One Delight After Another

I've been sitting with the difference between happiness and delight.

3/11/20263 min read

One of the last days of snow felt like being inside a snow globe.

My daughters and I played in the snow while it fell around us. Then it passed and the most brilliant blue sky appeared. A huge, bright moon hanging there before the sun had even set. Both at once.

I just stood there. Captivated.

And I thought: this is what delight feels like.

Not happiness. Not gratitude, even.

Delight.

Delight is Different

I've been sitting with the difference between the two.

Happiness is something I could work toward. Plan for. "If this works out, I'll be happy." The Manager loved happiness. She could produce a version of it — arrange the right circumstances, check the right boxes, achieve the right outcomes. It lived on the surface.

Delight is something else entirely.

Delight arrives. Through a crack. In an ordinary moment. I cannot manufacture it or schedule it or optimize my way toward it.

It's always specific. Always now. It's not "the snow in general" — it's THIS snowflake on THIS mitten on THIS afternoon with my daughter's shriek of laughter in my ears. It doesn't require circumstances to be good. It doesn't need anything to be different than it is.

It just requires me to be there.

The Years I Missed

I spent years not being there.

Not because I was a bad mother or a careless person. But because The Manager had me convinced that being there was less important than preparing for what came next. I was always slightly ahead of the moment — anticipating, arranging, photographing it to remember later.

Photographing it to remember later.

I have spent so much time observing, taking photos to remember later, and planning for perfect moments — that so many have gone by without me being there at all.

I can feel the truth of that in my chest when I write it.

There I was, in the middle of a beautiful life, curating it instead of living it. The Manager had me convinced that delight was rare. Something that required the right conditions, the right amount of luck. Something to be saved and documented against the possibility that it might not come again.

So I missed it. Again and again. While I was getting ready for it.

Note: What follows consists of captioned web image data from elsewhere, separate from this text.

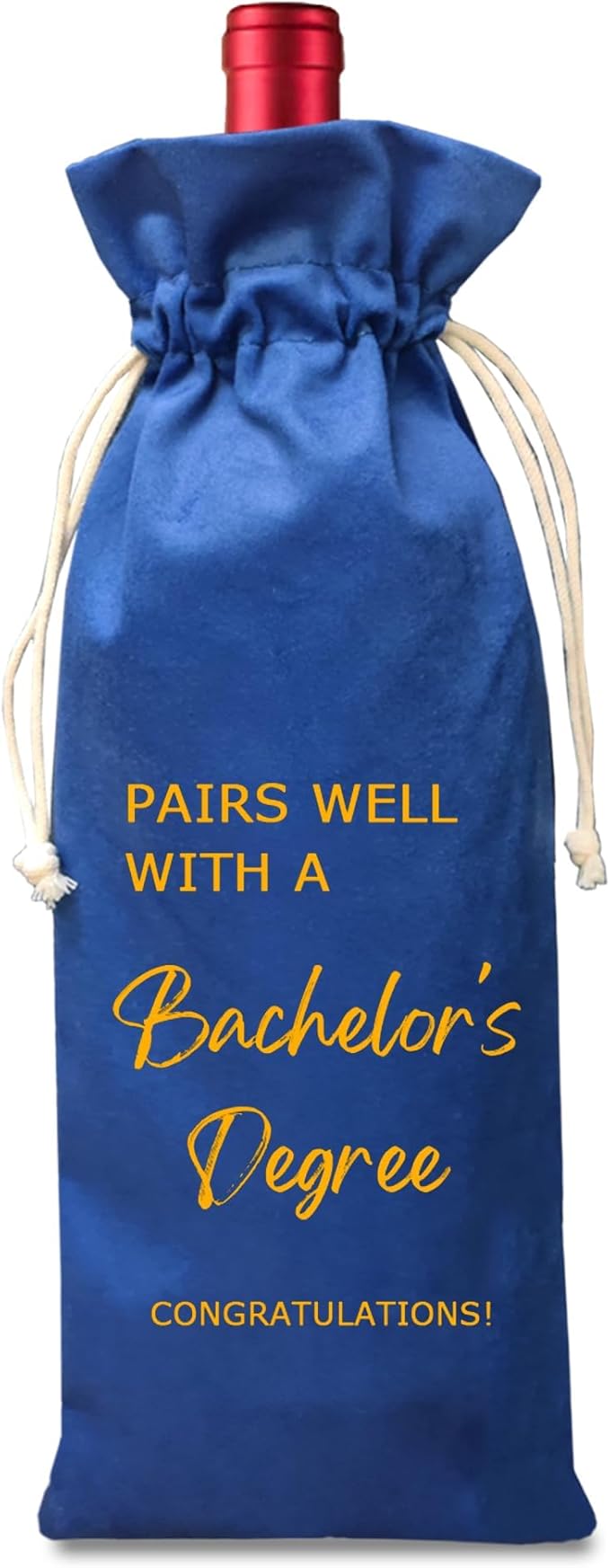 Graduation Gift Wine Bag, Bachelor's Degree Graduation Wine Bag, Bachelor's Gift, Pairs Well With A Bachelor's Degree (Bachelor's Degree-Blue)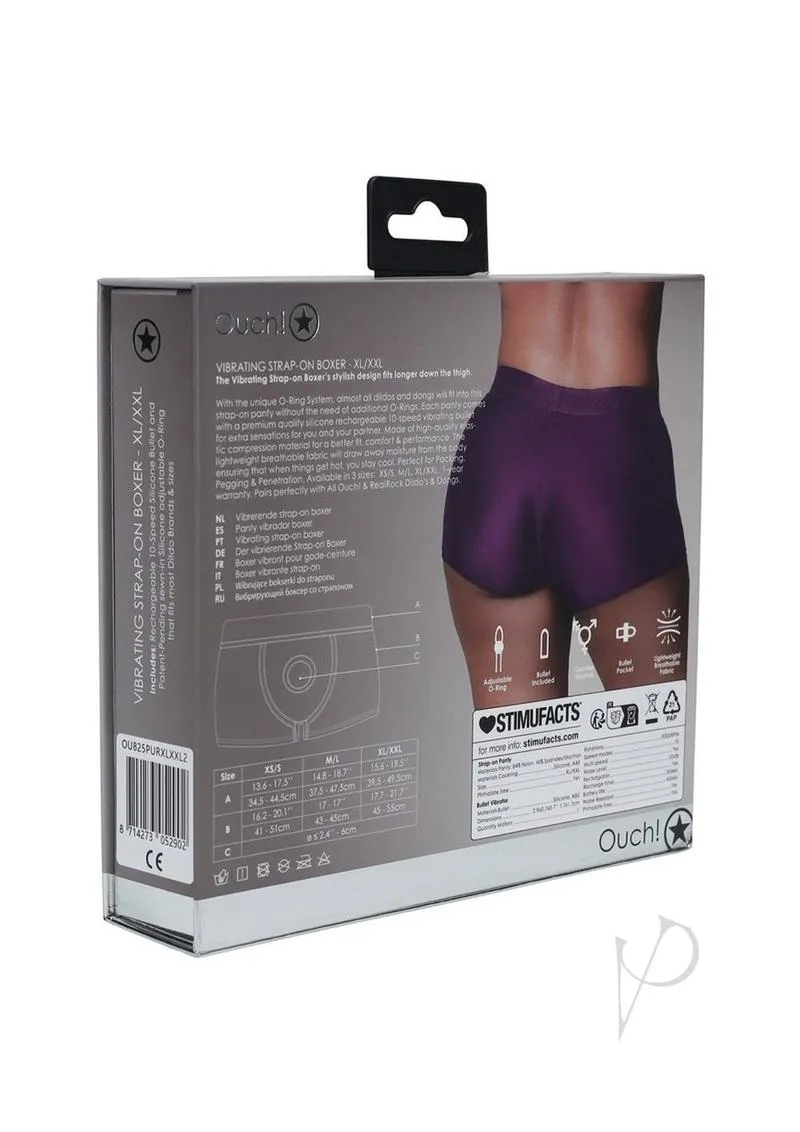 Ouch Vibe Strap On Boxer Xl/xxl Purple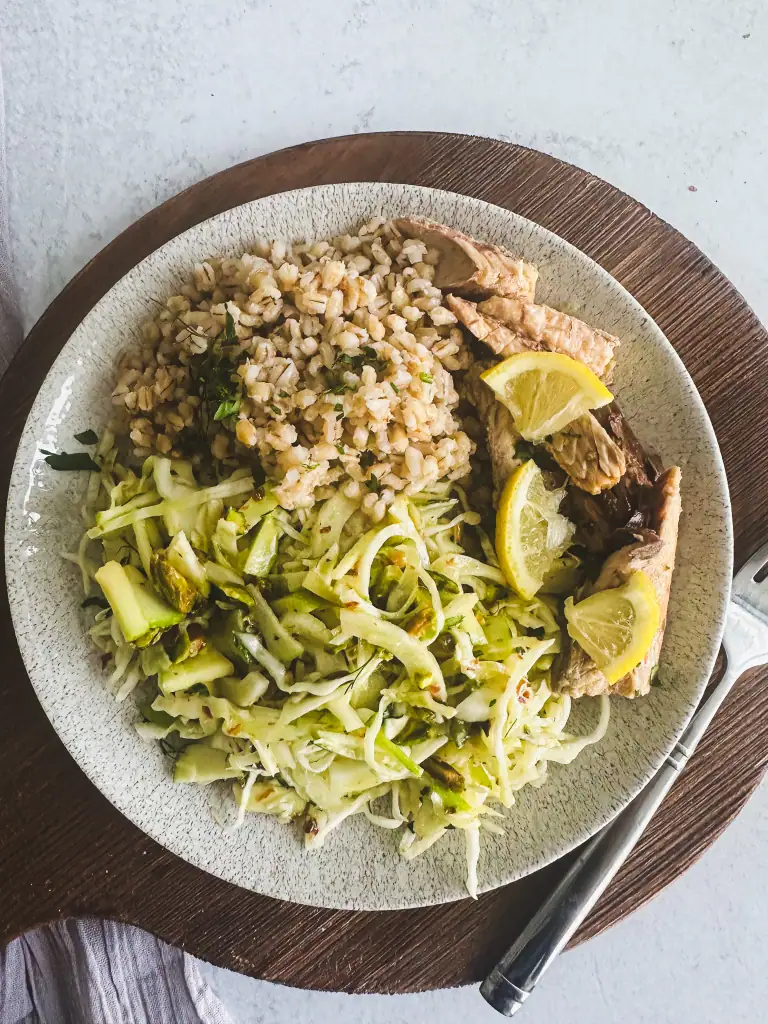Cabbage and Apple salad as part of a bowl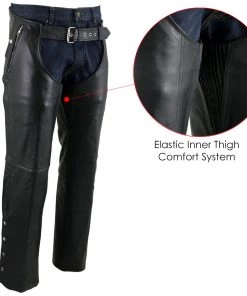 Xelement B7561 Men's Black Leather Chaps With Removable Insulating Liner Motorcycle Pants & Chaps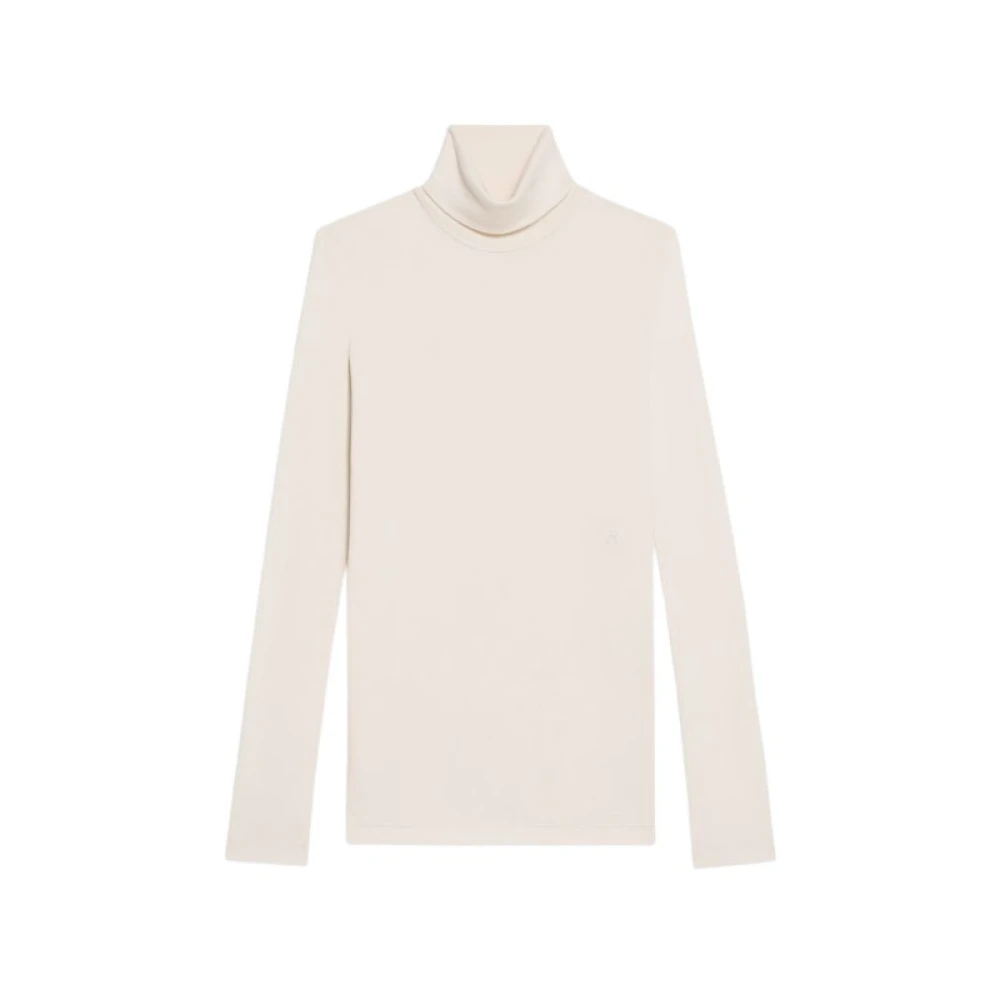 Helmut Lang Geribbelde Coltrui Katoen Modal Top Beige Dames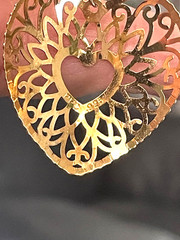 Domed Filigree Heart Necklace Gold Over Sterling Delicate Cable Chain Vtg B595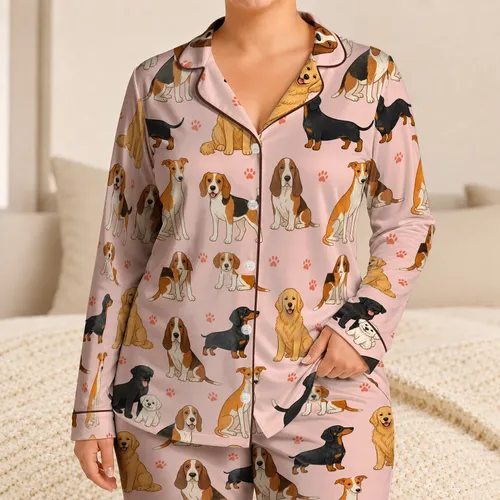 Cute Dog Portraits Blush Pink Bedtime Comfort for Women, Pet Lover Gift, All Seasons Satin Pajamas Set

That snowy Tuesday I didn't miss it.

I took a long walk with the dogs. Pulled my youngest in the sled. Played in the snow with my daughters until we were all pink-cheeked and breathless. And then — even though The Manager said it was too close to dinner time — we went outside and watched the sun set.

The moon appeared. The sky went gold, then pink, then that particular dark blue that only exists in Swedish winter. I was just... there. Acting on what felt most alive. Not checking the time. Not managing the sequence of the evening. Not half-present while the other half of me ran logistics.

Just there.

And it kept coming. One delight after another, like gifts I hadn't had to earn.

I was open. And life met that openness again and again.

My Daughters

I watched my daughters in the snow.

They don't stand outside it, documenting it. They don't think "I should appreciate this more" or "I should take a photo so I remember." They just... delight. Fully. Immediately. Gone the next moment, ready for the next thing.

They haven't learned yet to manage their joy into something smaller and safer.

I'm returning to what they already know. Not as a child — I've lived too much for that, and I wouldn't trade the depth it brings. But as a woman who chose it. Consciously. After trying everything else.

The Scarcity That Was Never Real

Before, I believed delight was rare. Something that required arrangement, a special occasion, a particular kind of day. The scarcity of it made me grip each moment tightly, document it, save it against the possibility it might not come again.

And then I discovered that the scarcity was never real.

Waking up to the truth that I can live in delight every single day — without arrangement, without earning it, without anything being different than it is — felt like Christmas morning times a million.

What I received through my awakening wasn't a technique or a framework.

What I received was my own life back.

The life that was always there, in the ordinary Tuesday afternoons.

In the delight that was always waiting for me to be present enough to find it.